I slip with plans to go out, clothes on the floor, while my husband waits. Looking in the mirror, filled with disgust, embarrassed. Sometimes I slip, “I have nothing to wear, everything looks terrible. The F word. Fat. ”
Did she hear me? When all those women say to her, you look just like your momma, did she think that was bad? She always tells me I look pretty. Even on days when it would be a bold-faced lie from anyone else, she means it. I am her world. She wants to be like me as I wanted to be like my mother when I was four. She stands by my makeup table when I’m putting on lipstick , awed by my beauty. She wants some too. I give her chapstick. She puckers and copies.

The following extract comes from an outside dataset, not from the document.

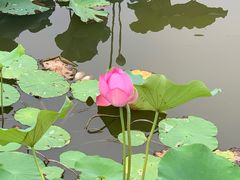 -大兴滨河森林公园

Some girl had asked if there was a baby in her belly, tiny little dancer, so cute from afar but vicious. She had said it over and over. Kaia, my sweet, tender-hearted girl had replied that it wasn’t a baby, it was food. “You’re just fat then,” pink ballerina said haughtily. Wounded at 4 in a home school ballet class. I cannot protect her. This is the world in which we live.
There will be more insults.
Comparisons.
Judgements.
Criticism.
My soul aches at the thought of my baby being hurt. Ever feeling she is not enough. Ever feeling she is unworthy, not belonging.
I pull over. Turn to her. I try to hold in my emotions but I want to smother her, scream, “DON”T LISTEN TO THEM, DONT EVER LISTEN!” I know how sharp the devil’s tongue is and how deep the scars can go. It is a voice I have listened to many times. In dressing rooms, in mirrors, in the quiet of my heart.
But I will tell you the truth about who you are. I have known you when you rolled within my belly, your cries and the smell of your newborn head nuzzled into me. I have watched you become a little person. Your heart. Peacemaker. Kind. Generous. Child of mine. You belong. I would gladly take any instant of hurt. Bury it in me so you feel nothing but acceptance and love. I know that I cannot do this for her. But I know of someone who can. Only you, Father. Only you.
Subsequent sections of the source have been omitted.